My tester came with the $550 Convenience Package that adds heated door mirrors, automatic headlights, rain-sensing wipers, and heated front seats. The steering wheel is leather-wrapped, along with the parking brake handle and shift boot. Another feature my tester had, but I did not use in these winter conditions was the $1200 moonroof package.
On the road, the 2015 Mazda3 was blissful with its smooth, composed ride with very responsive handling. I did note that the steering wheel’s weight gets progressively heavier when turning, this gives better feel and feedback; something that is very hit or miss to get right for electric power steering systems. Mazda’s is definitely a hit. On the road, the combination of having a longer wheelbase and a shorter overall length gives an interesting feel; it feels like it’s a big full sized sedan, yet it is not hard to place on the road and can fit into tight spaces.
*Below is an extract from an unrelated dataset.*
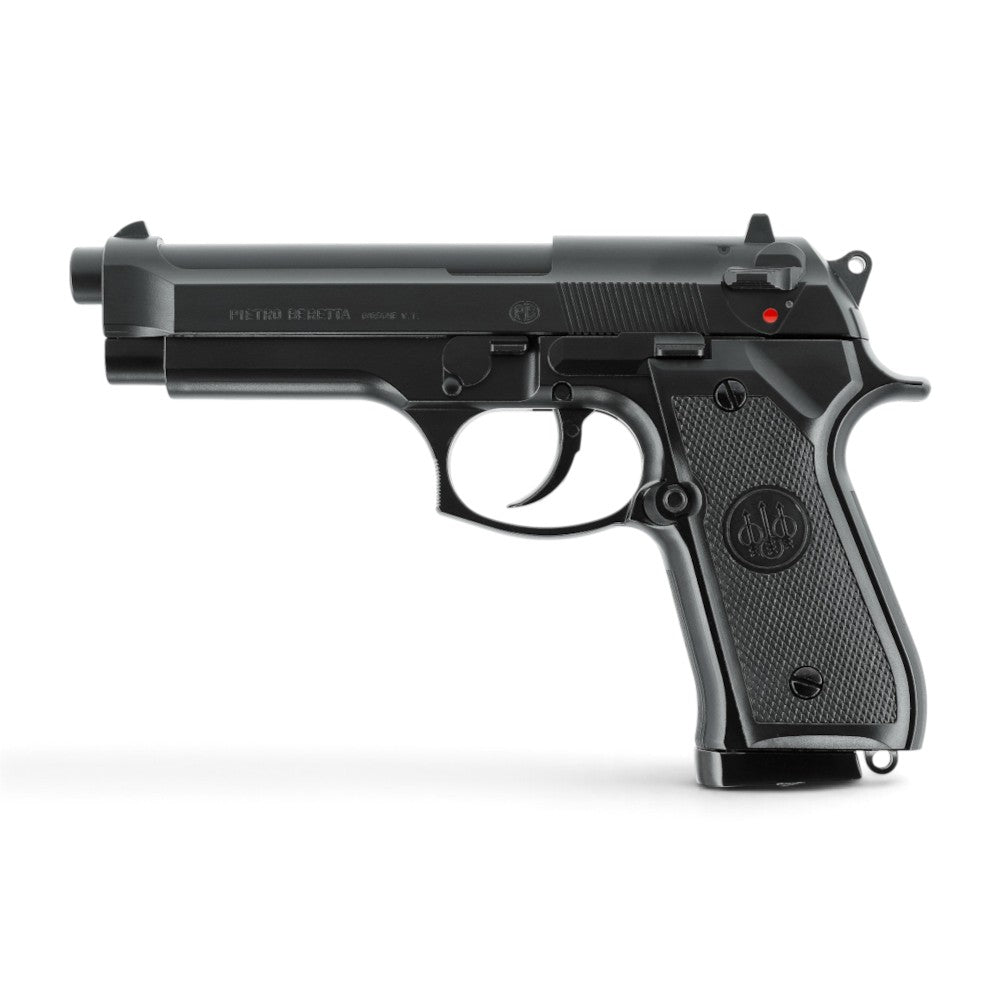 id-paintball Beretta Mod. 92 FS CO2 Airsoftpistole in Schwarz mit 6 mm Kaliber und einstellbarem Shoot-Up System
My tester came with the 6-speed automatic transmission that was new for 2014. This unit allows cruising at highways speeds spinning just under 2,000 rpm. Can anyone say fuel savings? Power delivery on the 2.0-liter SkyActiv is generally good. There isn’t as much power as I would like down low, but there is a good amount power past 2,500rpm, then the engine maintains a flat torque curve all the way through the power band. The 2.0-liter SkyActiv is rated for 7.8 L/100km City and 5.7 L/100km highway. During my week that included some snow driving, I found my average fuel economy to hover around 7.5 L/100km over a 60/40 split.
Fitted to my test car was a set of P205/60R16 Yokohama iceGuard iG20s. During a particularly icy and snowy Tuesday night during my test week I had to run an errand. In between my errand and I stood a kilometre-long hill that is quite steep. When I approached the bottom of the hill I was quite nervous seeing that there were 3 cars near the midway point of the hill that were pulled over with their hazards on—seemingly stuck. Let’s just say the Yokohama’s did their job and I made my ascent of that dastardly icy hill with no hesitations at all.
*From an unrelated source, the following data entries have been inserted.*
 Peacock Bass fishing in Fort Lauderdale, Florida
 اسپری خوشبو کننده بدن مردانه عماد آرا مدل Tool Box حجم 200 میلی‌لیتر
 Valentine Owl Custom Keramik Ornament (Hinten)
In terms of pricing, the 2015 Mazda3 GS Sedan is priced starting at $21,095. The as-tested price is $23,295. For a car that aims itself up market in terms of interior quality, an efficient yet peppy engine, and very sharp driving dynamics, the 2015 Mazda3 would be a very good choice as a daily driver. For anyone shopping in the compact segment, it’s essential to at least try the Mazda3.